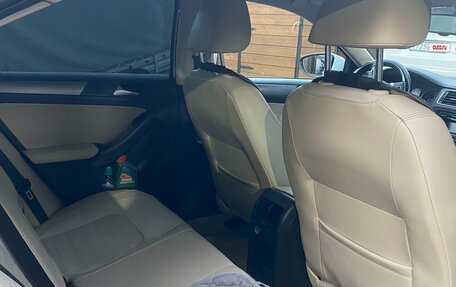 Volkswagen Jetta VI, 2012 год, 850 000 рублей, 5 фотография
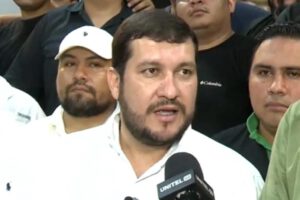 Stello Cochamanidis asume la presidencia del Comité Cívico Pro Santa Cruz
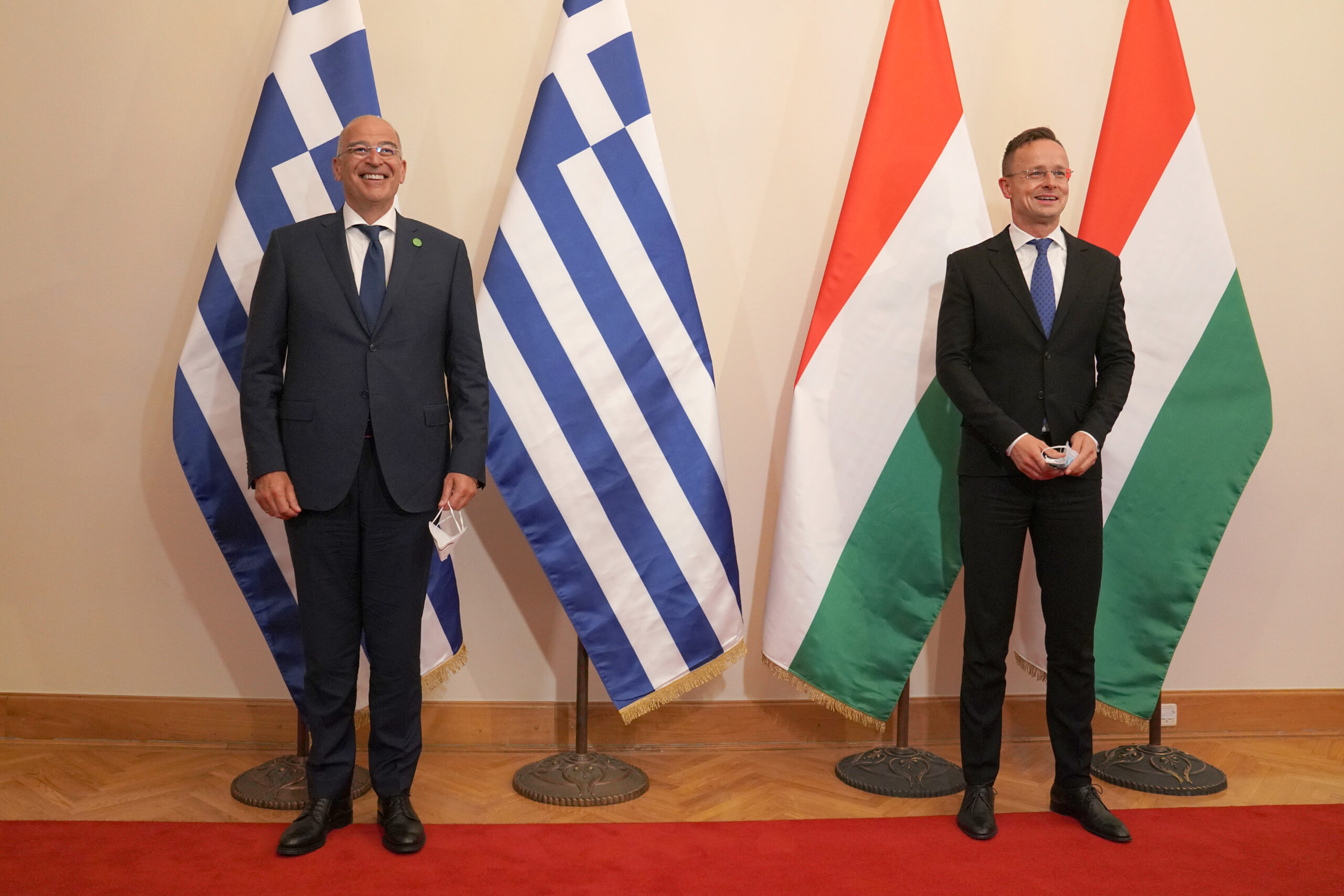 Επίσκεψη Υπουργού Εξωτερικών, κ. Νίκου Δένδια, στην Ουγγαρία και συνάντηση με τον Υπουργό Εξωτερικών, κ. Peter Szijjarto,  (Βουδαπέστη, 02.10.2020)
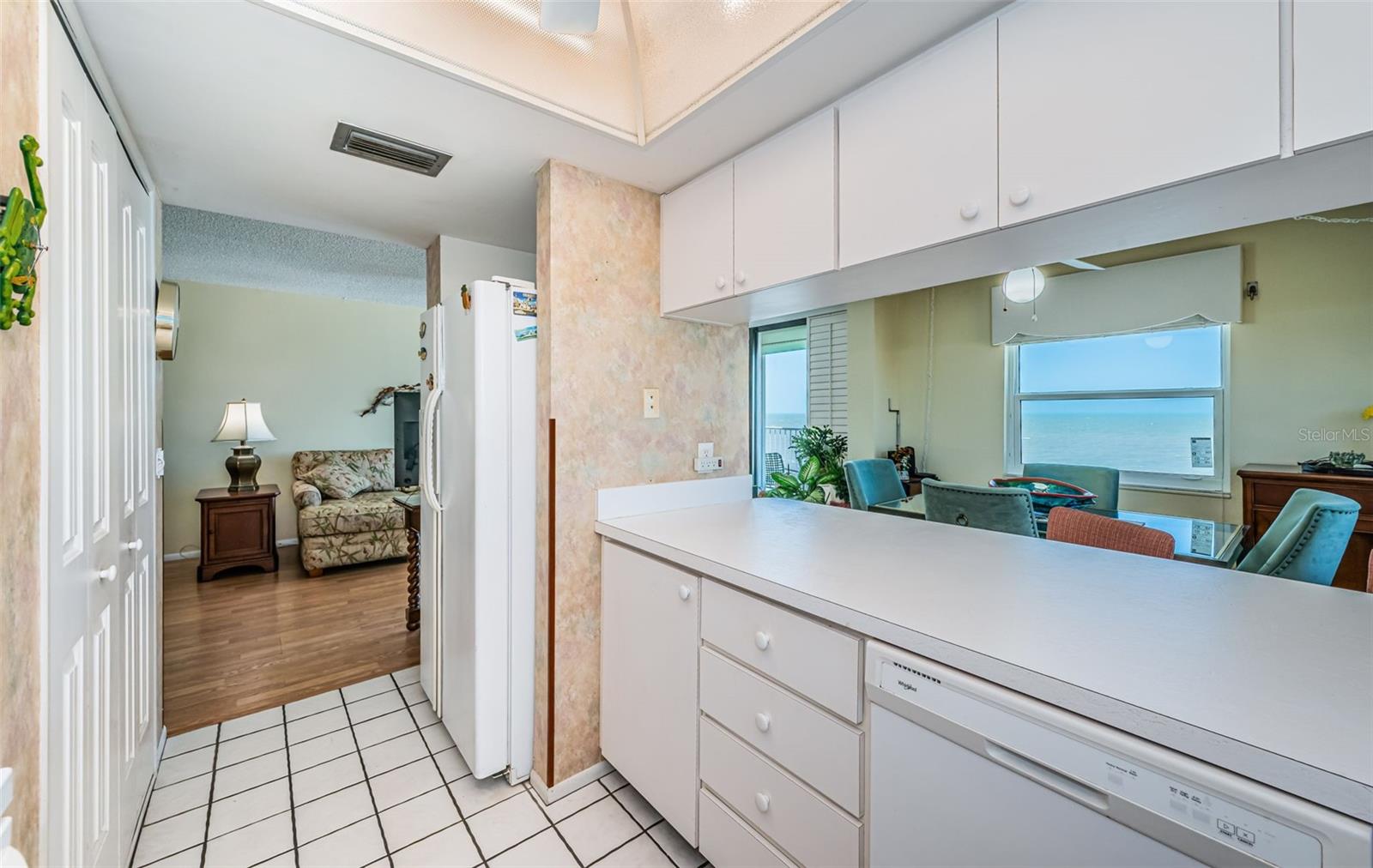 18650 GULF BLVD #601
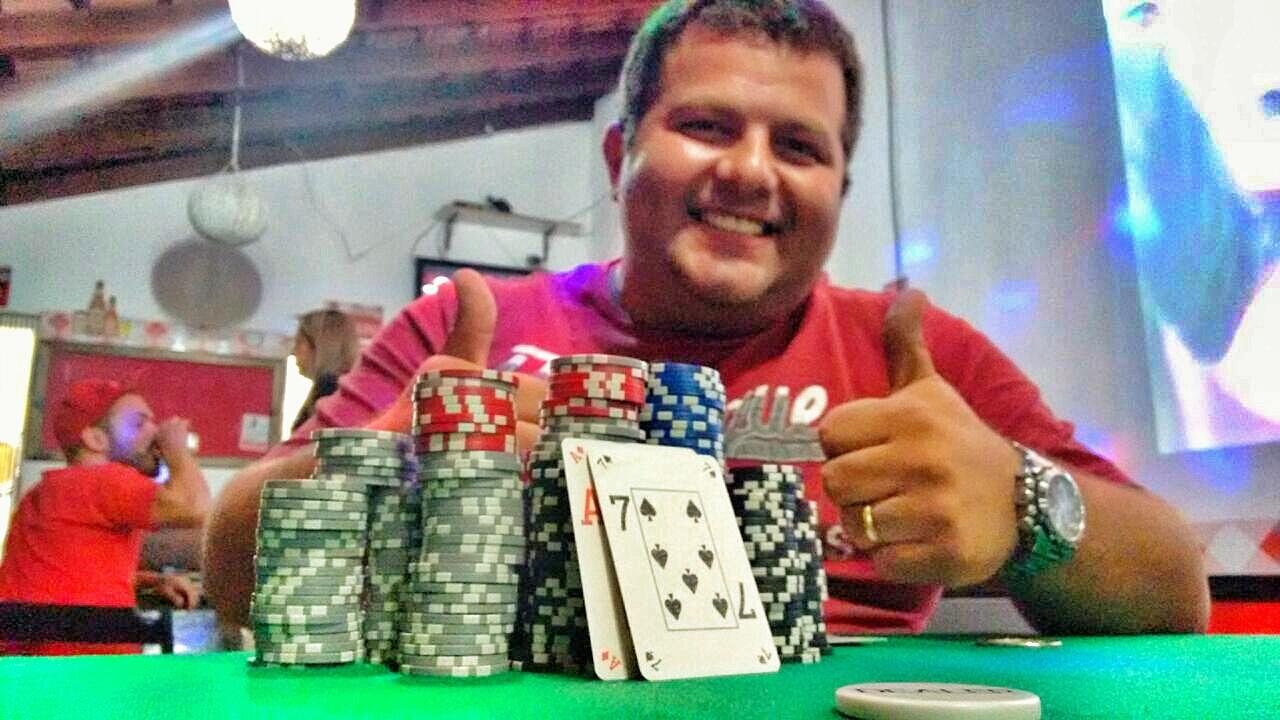 Modelo Plus Size e Jogador de Handebol Amador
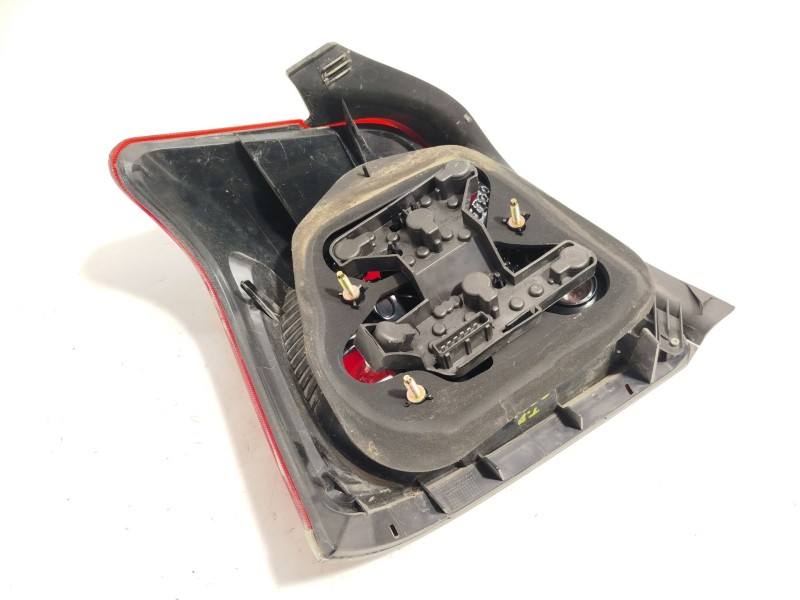 Recambio de piloto trasero derecho para toyota avensis sedán (_t25_) 1.8 (zzt251_) referencia OEM IAM 8155105140  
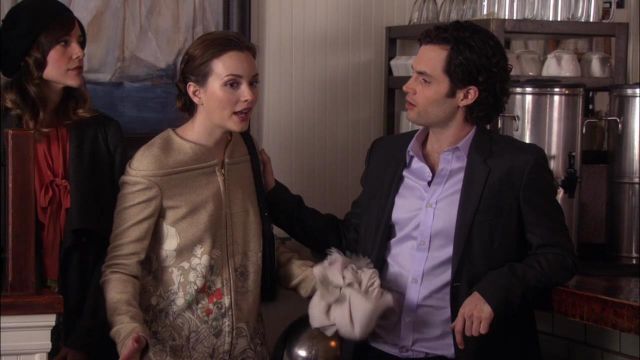 Le manteau à fleurs Cacharel porté par Blair Waldorf (Leighton Meester) dans Gossip Girl (Saison 5 Épisode 20)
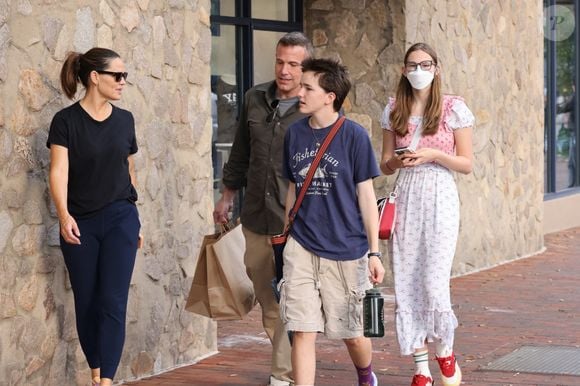 Avec Jennifer Garner, il entretient des relations apaisées pour le bien-être de leurs enfants Violet (18 ans), Finn (14 ans) et Samuel (11 ans)...

Exclusif -  Ben Affleck retrouve Jennifer Garner et leurs filles Violet et Fin à New Haven pour l'installation de Violet à l'Université Yale le 18 août 2024.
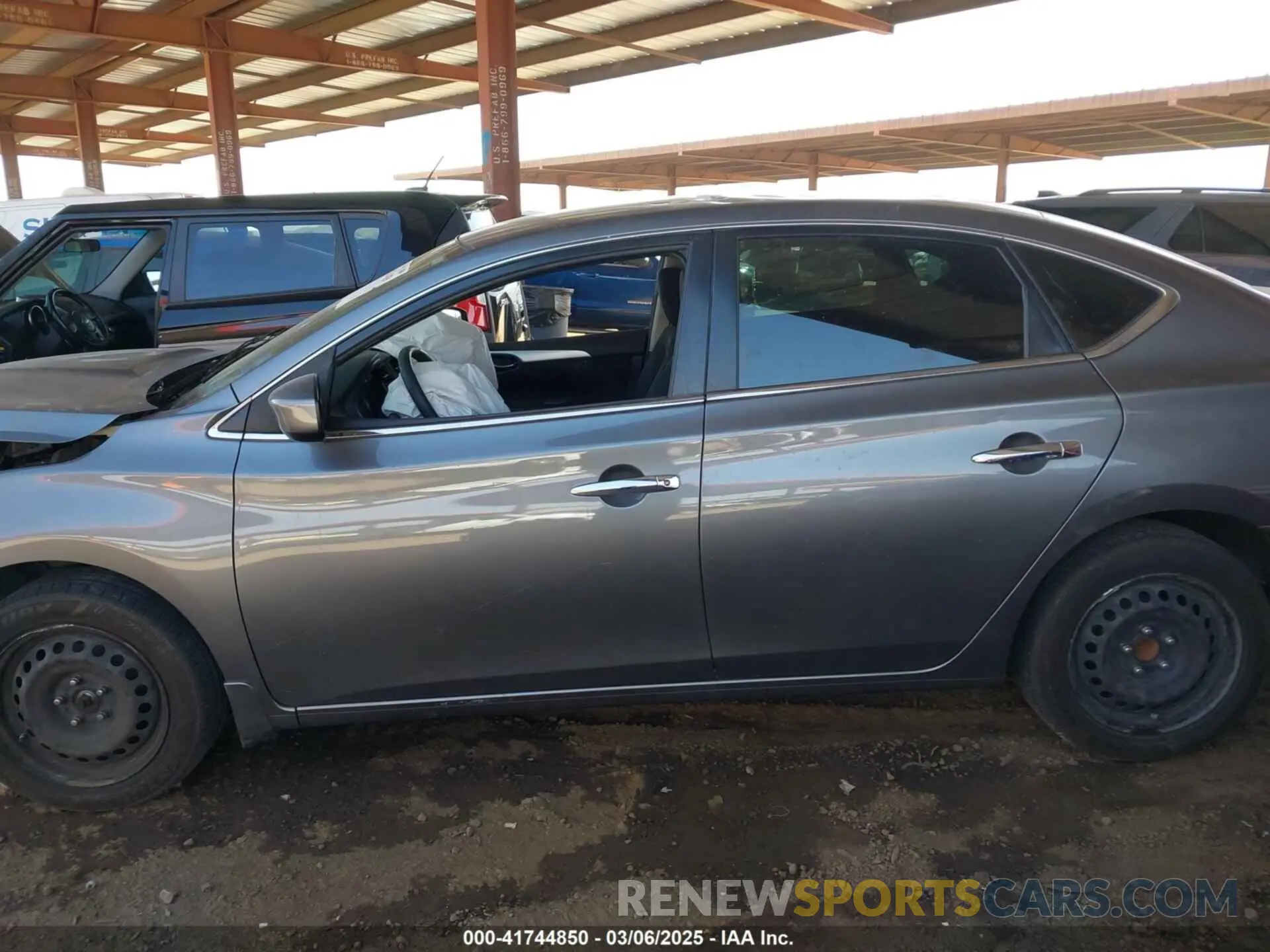 14 Photograph of a damaged car 3N1AB7AP9KY388697 NISSAN SENTRA 2019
_ _ _
» EXERCISE DIRECTIONS
Leave the pictures out and repeat exactly the lines from the beginning of the records to the line bearing "Επίσκεψη Υπουργού Εξωτερικών, κ.", both ends counted.

» ANSWER TO THE EXERCISE
 Volkswagen Jetta VI, 2012 год, 850 000 рублей, 5 фотография
 Stello Cochamanidis asume la presidencia del Comité Cívico Pro Santa Cruz
 Επίσκεψη Υπουργού Εξωτερικών, κ. Νίκου Δένδια, στην Ουγγαρία και συνάντηση με τον Υπουργό Εξωτερικών, κ. Peter Szijjarto,  (Βουδαπέστη, 02.10.2020)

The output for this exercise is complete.